Oggigiorno i pensieri controcorrente e fuori dal coro sono diventati un vero e proprio fastidio per i seguaci del politicamente corretto. Diventa quasi un atto eroico avere un’opinione difforme dal sentire comune. Molte critiche sono state fatte per le dichiarazioni di Pierfrancesco Favino, “stanco di accettare che attori stranieri interpretino italiani”. L’attore esprime la sua frustrazione e condivide la sua battaglia, invitando tutti a svolgere il proprio ruolo e a “cooperare”. Per fortuna che l’ha detto Favino, perché se l’avesse detto un qualsiasi simpatizzante del centrodestra – anche uno fra i più moderati – sarebbe stato “cancellato” come l’attuale cultura mediatica domanda.
Ma cosa mai Favino avrà detto di male? Gli italiani però, si sa, non amano mai vedere i propri connazionali ergersi a paladini dei valori patriottici: non piace, per molti è volgare e si viene accusati di voler solamente pubblicizzare sé stessi. Io invece ammiro moltissimo chi si espone, anche solo per il proprio interesse, per un mero innato fatto di umana competizione.

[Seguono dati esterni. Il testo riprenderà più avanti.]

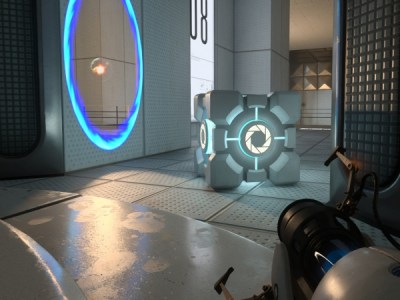 Portal with RTX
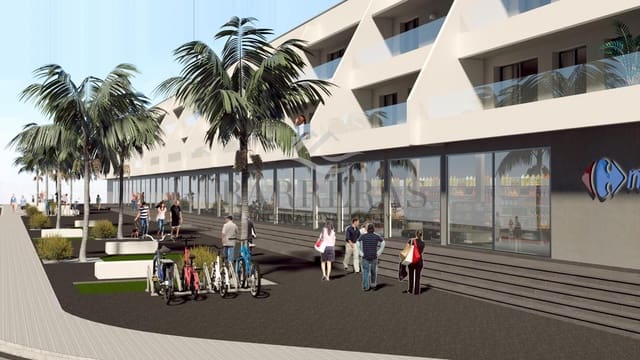 1 soveværelse Virksomhed til salg i Los Abrigos, Granadilla de Abona - € 231.000 (Ref: 10172738)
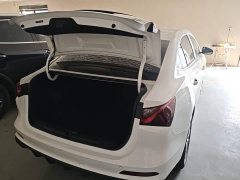 SAIC MG i5 1.5L CVT Luxury - ფოტო 18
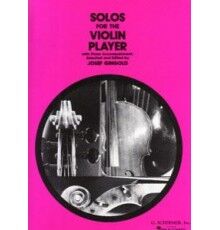 Solos for the Violin Player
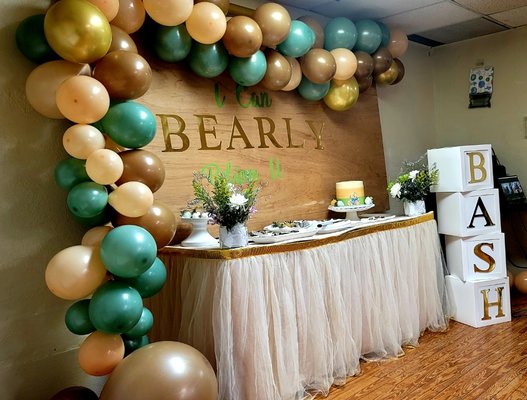 Event Planning/Decor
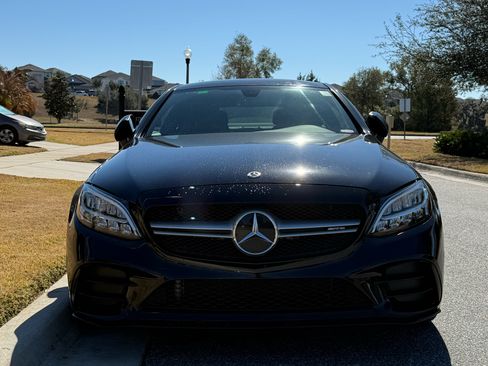 Used 2019 Mercedes-Benz C 43 AMG 4MATIC Coupe image 10
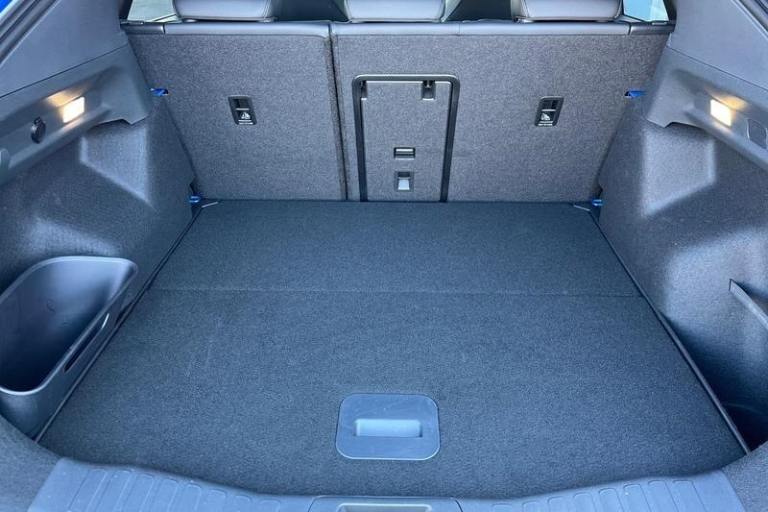 2024 Ford Capri Extended Range 77kWh Premium RWD 5dr Automatic Automatic SUV Electric Automatic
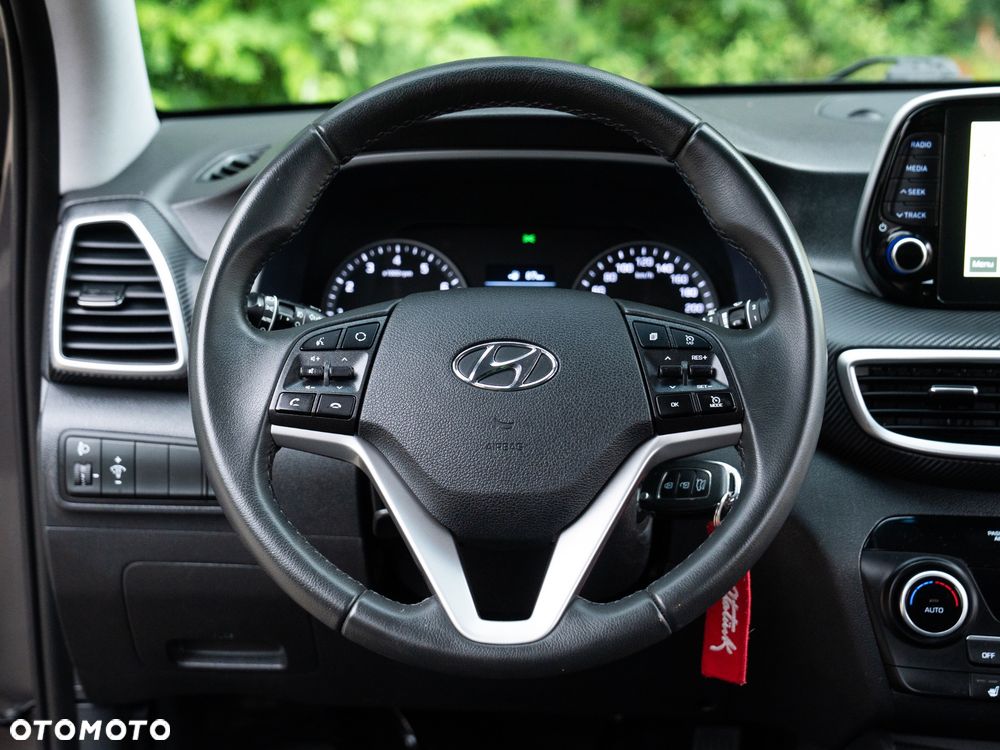 Hyundai Tucson 1.6 GDi Style 2WD - 32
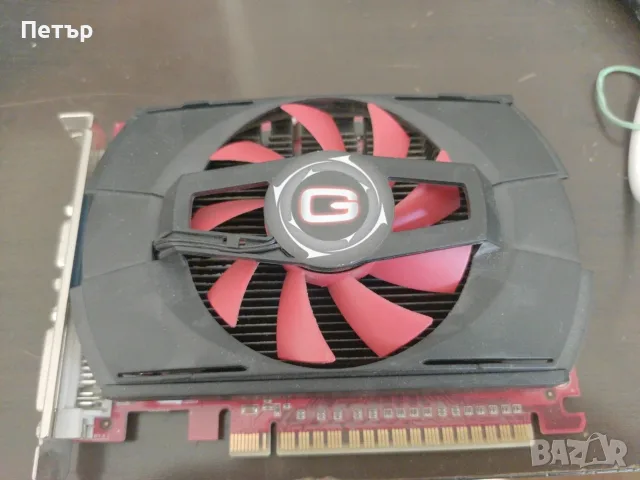 Продавам видео карта Gainword nVidia GT440 DDR5 1GB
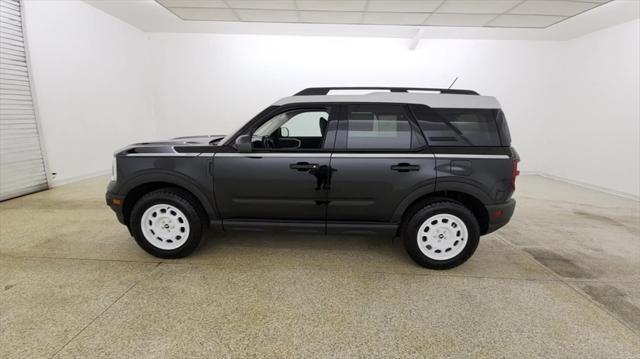 new 2024 Ford Bronco Sport car, priced at $32,200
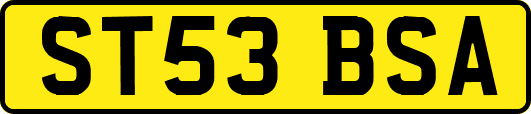 ST53BSA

Questa diatriba mi ha suscitato vari interrogativi: perché ad esempio il cinema italiano è così in crisi e poco strutturato? Perché dobbiamo noi sognare Hollywood, quando invece è la stessa Hollywood che da sempre si ispira alla cultura europea e – in special modo – alla Dolce Vita di felliniana memoria?
Noi italiani dovremmo considerare che alcune piccole cose alle quali noi non badiamo, nonostante siano già da lustri consolidate in altri Paesi, sarebbero altresì fondamentali per farci meglio conoscere nel mondo, rompendo lo stereotipo dell’italiano spaghetti mafia e mandolino che ovunque ci affligge. Nello specifico, perché è rarissimo che i nostri film siano sottotitolati in inglese? Siamo nel 2023 e fra i nostri film visibili sulle piattaforme streaming è quasi impossibile trovare film italiani con sottotitoli in altre lingue.
Mio marito Adam è americano e ama Checco Zalone e Aldo Giovanni e Giacomo. Lui non parla italiano, ma un po’ percepisce. In più io, per amor suo, gli traduco in tempo reale il film e gli spiego, ad esempio, l’importanza del concetto italiano del “posto fisso”, così ardentemente agognato nel sud Italia come dipinto da Checco Zalone nel film “Quo vado?”. Quante risate! E quanto mio marito ha imparato dell’Italia negli anni grazie a questi film e alle mie traduzioni, specialmente le differenze fra nord e sud a lui sconosciute in quanto in America hanno lo stereotipo dell’italoamericano di virtuose origini siciliane o campane, ma nessuno conosce anche le virtù dei piemontesi, lombardi, veneti e trentini. Inoltre, anche per tutti gli immigrati dall’Africa che parlano inglese e francese sarebbe più semplice imparare dai nostri film come sono fatti gli italiani.
Di fronte a queste gravi mancanze, le major italiane del cinema si mascherano dietro ad un ulteriore elevato costo per i sottotitoli in inglese… balle! Mettere due sottotitoli è un lavoro di traduzione e di computer, nemmeno minimamente paragonabile come costo a quello della produzione del film stesso!
Dico di più: per promuovere la cultura italiana nel mondo, il governo italiano dovrebbe obbligare i nostri produttori ad includere sottotitoli in lingua straniera, affinché la settima arte italiana, anche nelle sue produzioni più popolari e meno faraoniche, venga apprezzata nel mondo perché, in un mondo globalizzato, anche noi italiani dovremmo far conoscere al mondo la nostra cultura, i nostri modi di dire, le nostre tradizioni.
Invece vengono sempre da noi ad usare la nostra terra per girare grandi film americani e parlano di noi come se ci conoscessero! Vengono in Italia ad una delle mostre del cinema più prestigiose d’Europa, nella città più bella del mondo, ed ho notato – essendo stata ospite – una certa eccessiva subalternità da parte nostra nei loro confronti (per non parlare delle “evoluzioni” di Kanye West in acqua-taxi con la sua fiamma). E vengono solo a prendere per loro stessi, senza aggiungere nulla a noi.
Tutto ciò è colpa della nostra eterna sudditanza ed esterofilia, nonché mancanza di consapevolezza di ciò che siamo e di ciò che abbiamo.
Tempo fa, un mio amico britannico disse che l’Italia è “The Land of the Gods”, la Terra degli Dei. E quindi, caro Favino, il destino dell’Italia è nelle nostre mani e sta a noi valorizzarla come merita.